Top of Provided data

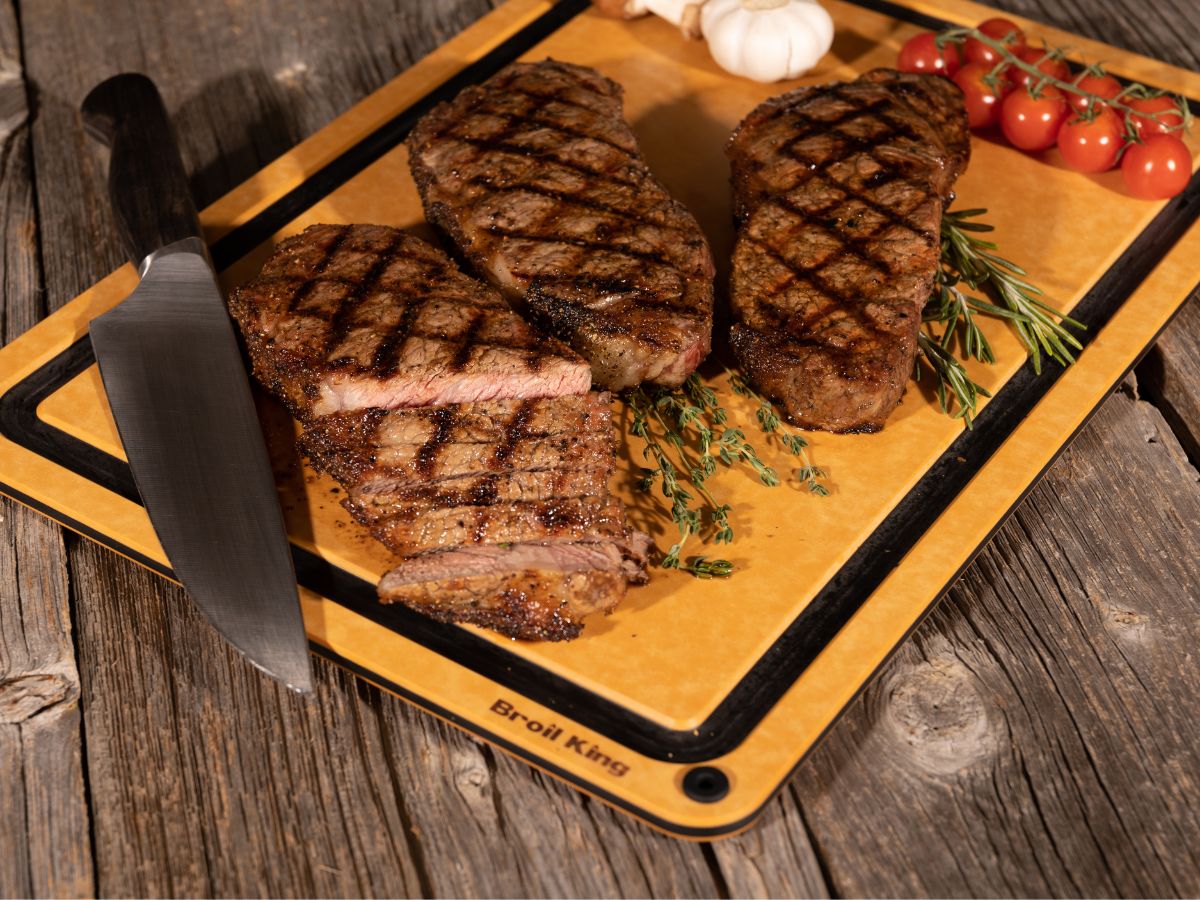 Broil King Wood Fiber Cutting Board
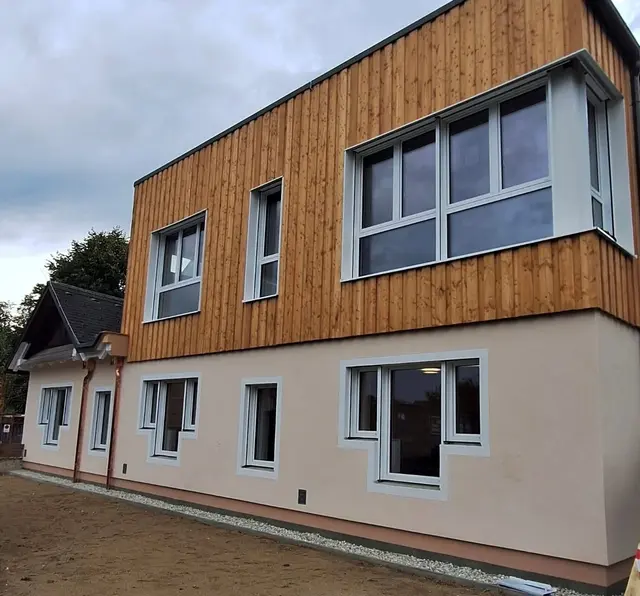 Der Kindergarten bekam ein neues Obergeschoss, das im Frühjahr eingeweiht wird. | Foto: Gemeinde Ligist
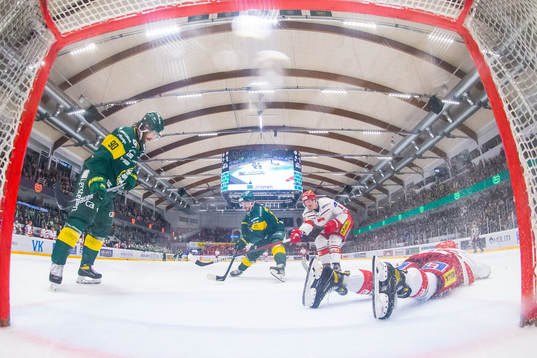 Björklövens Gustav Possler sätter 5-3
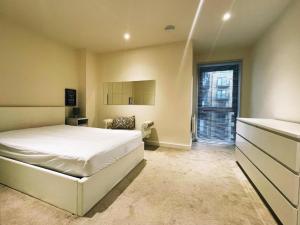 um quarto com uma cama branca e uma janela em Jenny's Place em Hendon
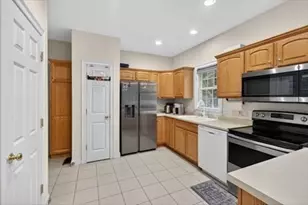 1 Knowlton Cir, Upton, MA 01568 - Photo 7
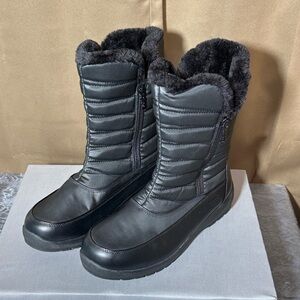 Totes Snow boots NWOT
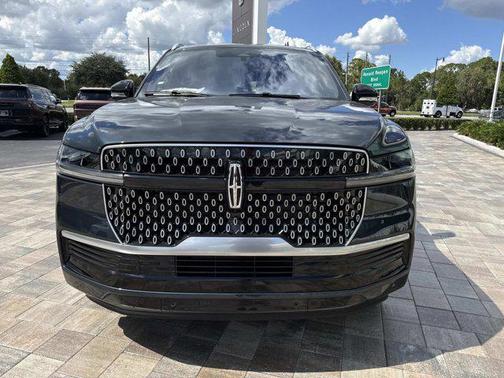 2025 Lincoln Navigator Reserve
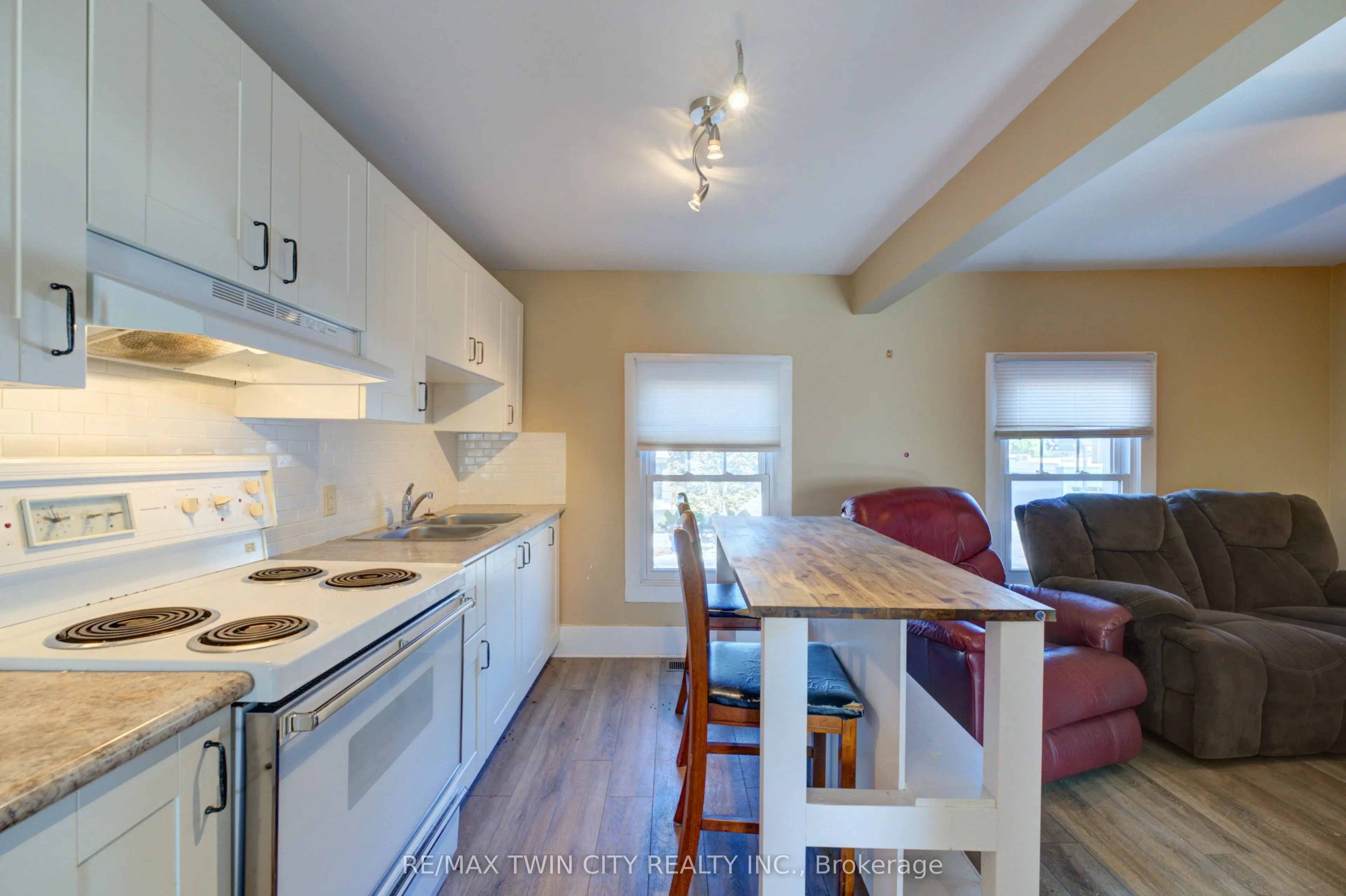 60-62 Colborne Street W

Bottom of Provided data

About this task -> Starting at the line that contains "Der Kindergarten bekam", retype each line through the end of the data exactly, and leave out every picture.

Answer section ->
 Der Kindergarten bekam ein neues Obergeschoss, das im Frühjahr eingeweiht wird. | Foto: Gemeinde Ligist
 Björklövens Gustav Possler sätter 5-3
 um quarto com uma cama branca e uma janela em Jenny's Place em Hendon
 1 Knowlton Cir, Upton, MA 01568 - Photo 7
 Totes Snow boots NWOT
 2025 Lincoln Navigator Reserve
 60-62 Colborne Street W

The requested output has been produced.